第一次是在《公冶长》篇中。当时鲁大夫孟武伯造访孔子学院,他想招募德才兼备的贤人。可能来访之前已经做过一些初步调研,所以他点名要了解仲由、冉求、公西赤三位同学的思想品德和政治才干。孔老师对冉有的推荐词是“求也,千室之邑,百乘之家,可使为之宰也,不知其仁也。”这里,老师明确地指出冉有同学完全可以为国家管理一个拥有一千户人家的县城,或者去做一个拥有百辆兵车的卿大夫封地的总管。至于“不知其仁也”,并不是老师不看好他的品德,而是在老师的眼里,仁德不是轻易可以达到的的境界,所以孔老师很委婉地对孟先生说,至于冉有是否仁德我就不得而知了。
第二回出现在《雍也》篇里。这次来的是季康子,他是鲁国政坛的一个非常重要的人物,后来在鲁哀公时官居正卿,也就是宰相。和孟武伯一样,他也事先掌握了一些表现突出的学生的基本信息,所以见到夫子后,他直截了当地地连发三问,仲由这个人,能不能够让他管理政事(“仲由可使从政也与”)? 端木赐(子贡)这个人,能不能够让他管理政事(“赐也可使政也与”)?冉求这个人,能不能够让他管理政事(“求也可使从政也与”)?与孟武伯的用人强调德才兼备的标准不同,季康子根本不问所用之人的思想品德,他关注的是他们的管理才干。对学生了如指掌的孔老师,非常自信地回答季康子,“由也果,于从政乎何有” ?“赐也达,于从政乎何有” ?“求也艺,于从政乎何有” ?意思是这几个学生各有所长,他们从政何难之有?仔细揣摩孔老师连续选用三个反问句式来回答季康子的问题,似乎可以看出孔老师性情中人的那一面:对学生政治才干不加掩饰的喜悦,对季康子不讲仁德之政的隐隐的不满。这隐隐的不满后来发展成严厉的批评,这实际上是他们政治理想大相径庭的必然结果,这是后话。回到这次谈话本身,我们可以清楚地看到夫子对冉求的赏识表现在两个方面,一是他的多才多艺,一是他的政治才干。在孔夫子看来,让多才多艺的冉求去从政会有什么困难呢?那不是小菜一碟吗?

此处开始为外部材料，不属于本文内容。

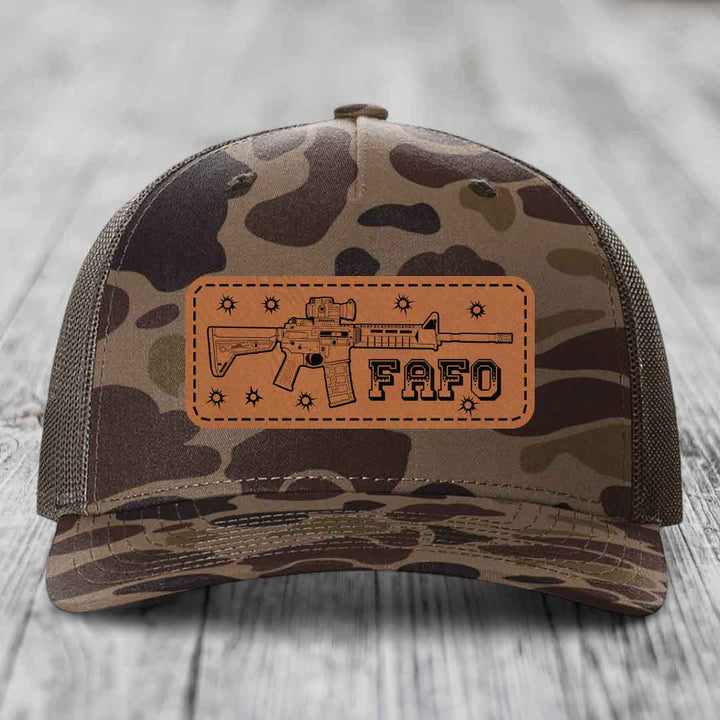 Ar15 Fafo - Leather Patch Hat - Rawhide to Black Patch - Richardson 112PFP Snapback Trucker Hat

第三次是在冉求自我评价的基础上,孔老师间接地肯定了他的政治才干。这一段记载在《论语 先进》篇“子路、曾晳、冉有、公西华侍坐”一节,我们已在公西赤一文中引述过。冉求认为如果自己去管理一个方liuxuequn.com圆六七十里或者五六十里的地方,可以在三年之内使那里的百姓富足。但是对于礼乐教化的问题,自己就不擅长了,必须有待君子相助(“方六七十,如五六十,求也为之,比及三年,可使足民。如其礼乐,以俟君子”)。孔老师的点评是,哪里见得方圆六七十里或者五六十里的地方就不是国家呢(“安见方六七十,如五六十,而非邦也者”)?这儿话里套着话,意思是冉求说话太过谨慎,他所言之事不正是治国的大事吗?这里,夫子不仅肯定了冉求的出语谦虚,也肯定了他可以治国安邦的政治才能。不过,细细琢磨冉求的话,我们还可以得出另一个信息,那就是这位同学好实务超过了好礼乐。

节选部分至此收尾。